2 min read

Entropy

Shannon’s Entropy:

$H(X) = -\sum_{x \in X} p(x) \log p(x) = E[-\log p(X)]$

(or $H(X) = -\int_{x \in X} p(x) \log p(x) dx$ )

An intuitive explaination:

For independent observations $x, y$, their joint density is $p(x,y) = p(x)p(y)$.

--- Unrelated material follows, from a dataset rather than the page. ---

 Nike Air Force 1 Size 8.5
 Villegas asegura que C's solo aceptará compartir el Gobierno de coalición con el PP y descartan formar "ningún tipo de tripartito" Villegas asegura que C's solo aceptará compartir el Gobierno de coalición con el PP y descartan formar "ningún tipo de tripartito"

Want to obtain their “information” $h(x)$ with the following property:

  • Monotonic w.r.t. $p(x)$: the higher the density is , the more information we get

  • Always positive

  • Additivity: information gained from $(x,y)$ is the sum of information gained from $x$ and $y$, i.e. $h(x+y) = h(x) + h(y)$

A natural choice will be $h(x) = - \log p(x)$. Thus the entropy for the entire population is the weighted average amount of information: $H(X) = E[-\log p(X)] = -\sum_{x \in X} p(x) \log p(x)$

Properties

For discrete distribution taking $K$ distinct values, $H(X) \leq \log (K)$ with the equal sign holds iff all $K$ values have equal probability $\frac{1}{K}$

KL Divergence

Kullback-Lerbler divergence is used to measure relative entropy (distance) between two distributions $p(\cdot), q(\cdot)$:

$KL(p || q) = - \int p(x) \log q(x) dx - [- \int p(x) \log p(x) dx] = -\int p(x) \log \frac{q(x)}{p(x)} dx$

The first part is the “entropy” of $q(\cdot)$ but using $p(\cdot)$ as the density, and the second part is the entropy for $p(\cdot)$. That is why it’s called relative entropy.

Note:

  • $KL(p || q) = 0$ iff $q(x) = p(x)$ with probability 1

  • In general, $KL(p||q) \neq KL(q || p)$